#### WHAT THE EXERCISE ASKS
Please go line by line through the material and copy each one containing the word "long".

#### RECORDS SUPPLIED
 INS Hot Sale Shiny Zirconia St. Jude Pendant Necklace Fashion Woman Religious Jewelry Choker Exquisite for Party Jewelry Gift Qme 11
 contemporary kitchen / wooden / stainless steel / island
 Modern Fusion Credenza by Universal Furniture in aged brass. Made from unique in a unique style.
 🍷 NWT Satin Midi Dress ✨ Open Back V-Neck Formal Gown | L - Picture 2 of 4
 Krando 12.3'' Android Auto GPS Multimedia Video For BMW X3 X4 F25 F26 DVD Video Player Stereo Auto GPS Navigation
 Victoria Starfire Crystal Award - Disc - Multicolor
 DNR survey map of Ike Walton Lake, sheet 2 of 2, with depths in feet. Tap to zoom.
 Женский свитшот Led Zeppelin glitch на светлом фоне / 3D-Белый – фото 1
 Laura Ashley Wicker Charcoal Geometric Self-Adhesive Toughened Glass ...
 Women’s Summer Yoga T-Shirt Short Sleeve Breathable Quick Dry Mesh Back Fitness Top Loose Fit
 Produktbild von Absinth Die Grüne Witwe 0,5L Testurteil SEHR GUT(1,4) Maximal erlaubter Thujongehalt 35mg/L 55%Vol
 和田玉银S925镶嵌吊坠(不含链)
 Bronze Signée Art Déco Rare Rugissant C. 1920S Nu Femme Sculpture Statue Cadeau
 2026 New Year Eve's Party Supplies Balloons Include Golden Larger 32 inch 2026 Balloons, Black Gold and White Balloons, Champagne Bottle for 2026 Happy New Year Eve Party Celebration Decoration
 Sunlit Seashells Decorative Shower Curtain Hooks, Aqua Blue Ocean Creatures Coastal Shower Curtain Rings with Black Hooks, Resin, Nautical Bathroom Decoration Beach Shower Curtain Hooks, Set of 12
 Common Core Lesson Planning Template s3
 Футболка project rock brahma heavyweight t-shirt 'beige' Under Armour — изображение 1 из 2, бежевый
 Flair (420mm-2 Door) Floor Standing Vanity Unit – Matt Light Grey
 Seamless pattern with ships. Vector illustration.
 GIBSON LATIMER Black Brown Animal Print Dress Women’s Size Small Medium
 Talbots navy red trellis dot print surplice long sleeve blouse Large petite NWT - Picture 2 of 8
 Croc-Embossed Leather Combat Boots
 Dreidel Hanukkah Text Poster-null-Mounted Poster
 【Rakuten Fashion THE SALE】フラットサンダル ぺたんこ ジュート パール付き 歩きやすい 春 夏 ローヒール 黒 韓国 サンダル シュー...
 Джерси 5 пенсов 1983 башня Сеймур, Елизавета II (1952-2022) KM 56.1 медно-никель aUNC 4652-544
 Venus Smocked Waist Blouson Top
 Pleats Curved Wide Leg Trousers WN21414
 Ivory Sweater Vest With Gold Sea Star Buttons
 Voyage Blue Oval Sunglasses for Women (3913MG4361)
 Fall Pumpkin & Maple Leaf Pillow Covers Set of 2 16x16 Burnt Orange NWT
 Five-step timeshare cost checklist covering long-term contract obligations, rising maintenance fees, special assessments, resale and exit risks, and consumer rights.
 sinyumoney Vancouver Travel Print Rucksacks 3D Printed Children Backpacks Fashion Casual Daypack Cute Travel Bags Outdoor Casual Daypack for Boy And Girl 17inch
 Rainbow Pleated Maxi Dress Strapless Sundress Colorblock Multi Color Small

#### TASK RESPONSE
 Talbots navy red trellis dot print surplice long sleeve blouse Large petite NWT - Picture 2 of 8
 Five-step timeshare cost checklist covering long-term contract obligations, rising maintenance fees, special assessments, resale and exit risks, and consumer rights.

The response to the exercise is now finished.